As an aside, IMO, one of the puzzles of morphology is why
some languages seem to have so much (Georgian) and some seem to have so little
(English, Chinese). If morphology is that
important in the grammar either functionally (e.g. for processing) or
grammatically (e.g. it drives operations) then why should some NLs express so
much of it overtly and some have almost none at all that is visible. The GCT offers
a possible way out: morphology per se
is not what we should be looking at. Rather it is morphology plus closed class items; items that give
you fixed frames for triangulating on content “words.” There needs to be a sufficiency
of these to undergird vocab acquisition, but the mix need not be crucial (in
fact it is not even clear how much of both is sufficient or if there may be a
cost in having too much. Or even if these queries make any sense).
Let me end here. NLs are stuffed with what appears to be “useless”
(and as an English speaker, cumbersome)
morphology. And useless it may be from a purely grammatical point of view (note
I say may, leaving the question
open). But GCT suggests that overt grammar dependent fixed points can be very
useful for building lexicons given our pre-linguistic capacities. And given the
virtues of a good sized lexicon for thinking and communicating, a syntax that
can support this should have advantages over one that doesn’t (that’s the just
so story, btw). If correct, and the data collected so far is non-trivial, this
is nice to know for it serves to possibly bridge two big facts about NLs, facts
that to date seem (or more accurately, seemed to me) to be entirely independent
of one another.
[1]
Nothing I say touches on the fact that NL lexical items have very distinctive
properties, at least when compared to symbols in animal systems. In other
words, the lexicon presents two puzzles: (i) why is it so big? (ii) why do
human lexical items function so differently from non-human ones. What follows
tries to say something about the first, but leaves the second untouched.
Chomsky has discussed some of these distinctive features and Paul Pietroski has
a forthcoming book that discusses the topic of lexicalization.
[2]
So far as I know, no animal communication system has any closed class
expressions, which, if they have no syntax, would not be a surprise given
Gleitman’s conjecture.
[3]
Paul Pietroski has a terrific forthcoming book on what lexicalization consists
in “semantically” and I intend my views on the matter to closely track his.

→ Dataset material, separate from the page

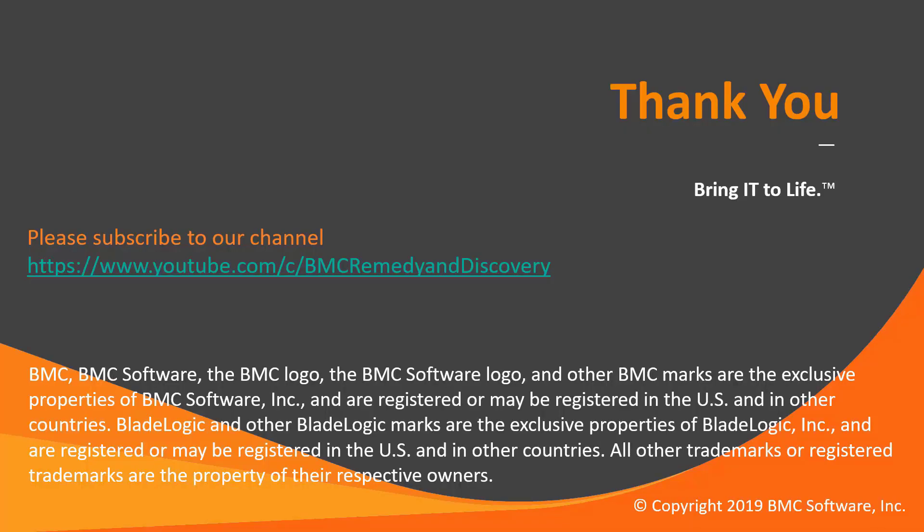I hope this video helps reduce the effort to troubleshoot performance issues in SmartIT. For more videos please find us at BMC Remedy and Discovery in our YouTube channel. Thank you.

However, for present purposes, we can ignore the semantic side of the word
acquisition process and concentrate solely on the process of phonetically tagging
LIs.
[4]
That kids are really good at identifying morphology has always surprised me.
This is far less the case in second language acquisition if my experience is
anything to go on. At any rate, it seems that kids rarely make “errors” of
commission morphologically. If they screw up, which is surprisingly
infrequently, it manifests as errors of omission. Karin Stromswold has work
from a while ago documenting this.
[5]
This might also provide a model for how to think of the thematic
hierarchy. Is this part of UG or not?
Well, one reason for thinking not is that it is very hard to define theta roles
so that they apply across a broad class of verbs. Dowty showed how hard it is
to define ‘agent’ and ‘patient’ etc. and Grimshaw noted that it is largely
irrelevant for syntactic concerns anyhow. When does it matter? Real, theta
roles matter for UTAH. We need to know where a DP starts its derivational
life. If this is its sole role, then
what one needs theta roles for is not semantic interpretation in general but for
priming the syntax. In this case, all
one needs are a few thematically well behaved verbs (like ‘eat,’ ‘hug,’ ‘hit,’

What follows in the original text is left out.